Want to be a good conversationalist when people start talking about the Cold War? Here are the terms you need to know.
Appeasement: a diplomatic policy aimed at granting concessions to potential enemies to avoid war; generally considered a synonym for weakness.
Article 51 of the UN Charter: allows for collective self-defense through regional organizations to be created outside the UN but within the principles of the charter. Enabled regional organizations to escape Russian vetoes in the security council.
Article III of the Atlantic Charter: after the end of World War II, all peoples should have the right to choose the form of government under which they will live.
Article IV of the Atlantic Charter: all states should enjoy access, on equal terms, to the trade and to the raw materials of the world which are needed for economic prosperity.

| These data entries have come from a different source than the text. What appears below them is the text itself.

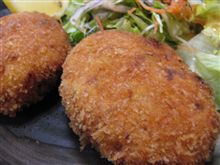 「棟梁」大サービス品　（自家製）毛がにのクリームコロッケ890円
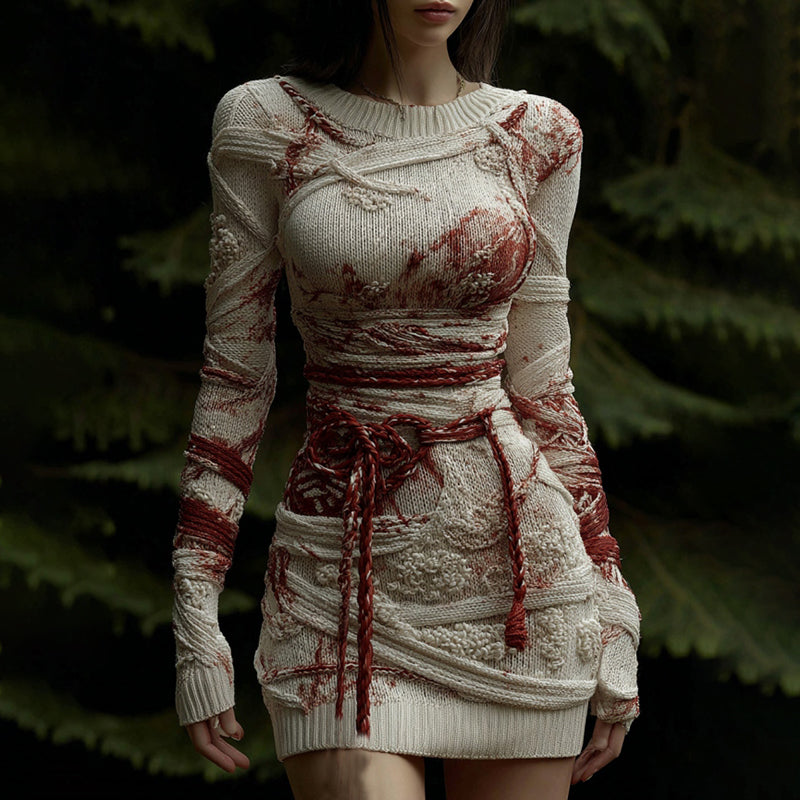 Gracefully Designed Sweater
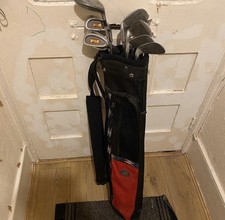 Golf Clubs with Golf Bag with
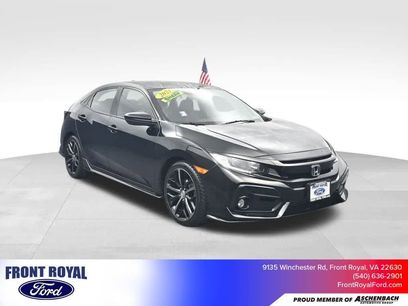 Used 2021 Honda Civic Sport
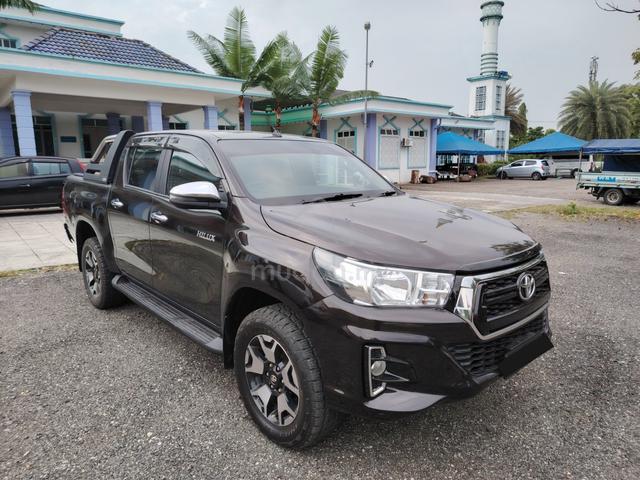 2018 Toyota HILUX 2.4 G LE 2GD-FTV (A) - 1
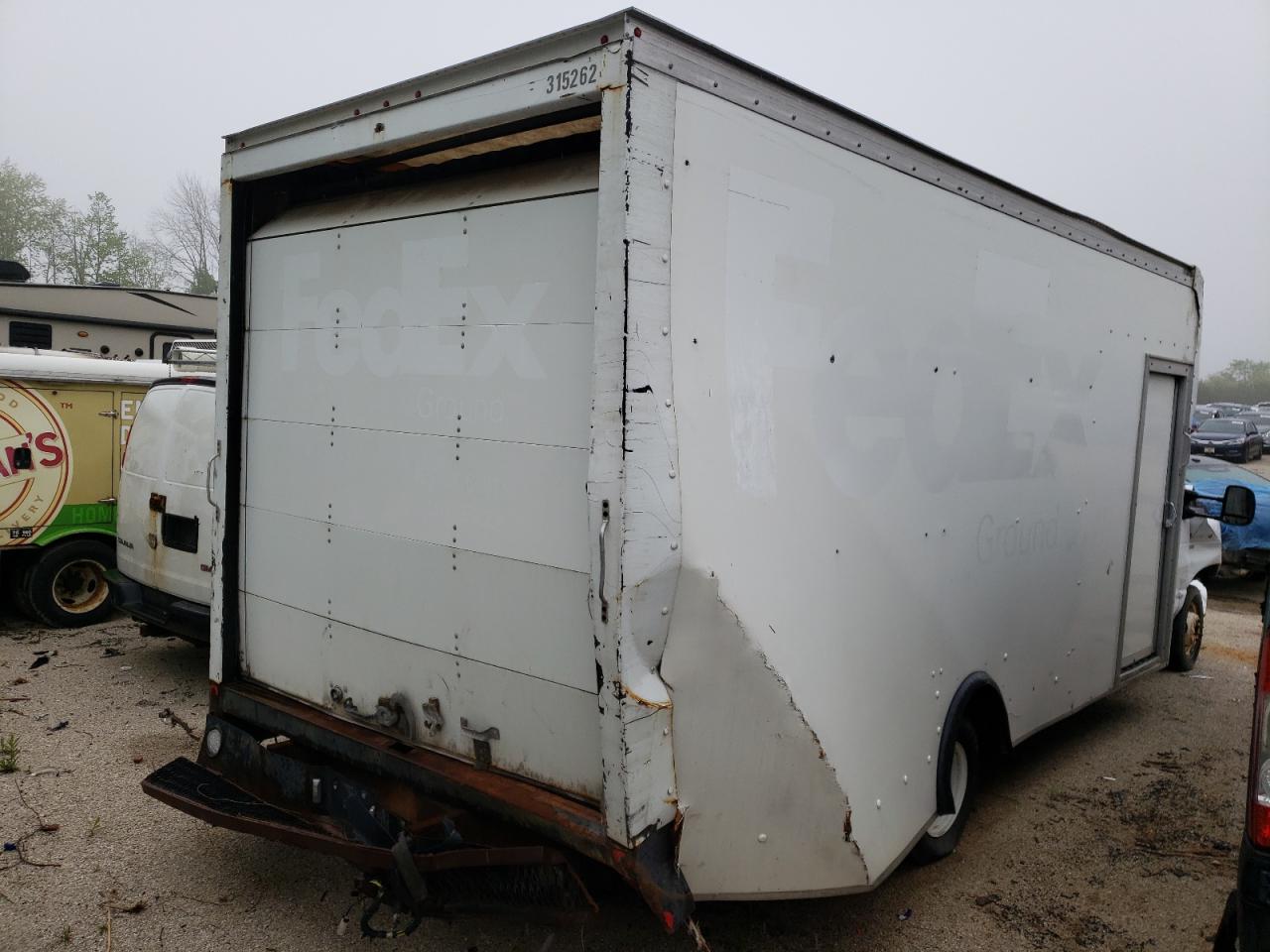 Photo 4 from auction – 2014 FORD ECONOLINE with VIN 1FDWE4FL2EDA68672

Atlantic Charter: a joint declaration issued at the Atlantic Conference on August 14, 1941. The conference took place on warships off the coast of Newfoundland and was attended by Prime Minister Winston Churchill of Great Britain and US President Franklin D. Roosevelt. The document detailed the goals and aims of the Allied powers concerning the war and the post-war world. It had eight principle points:
• no territorial gains were to be sought by the United States or the United Kingdom;
• territorial adjustments must be in accord with the wishes of the peoples concerned;
• all peoples had a right to self-determination;
• trade barriers were to be lowered; with respect to international trade, both “victor [and] vanquished” would be given market access “on equal terms;”
• there was to be global economic cooperation and advancement of social welfare;
• the participants would work for a world free of want and fear;
• the participants would work for freedom of the seas;
• there was to be disarmament of aggressor nations, and a postwar common disarmament.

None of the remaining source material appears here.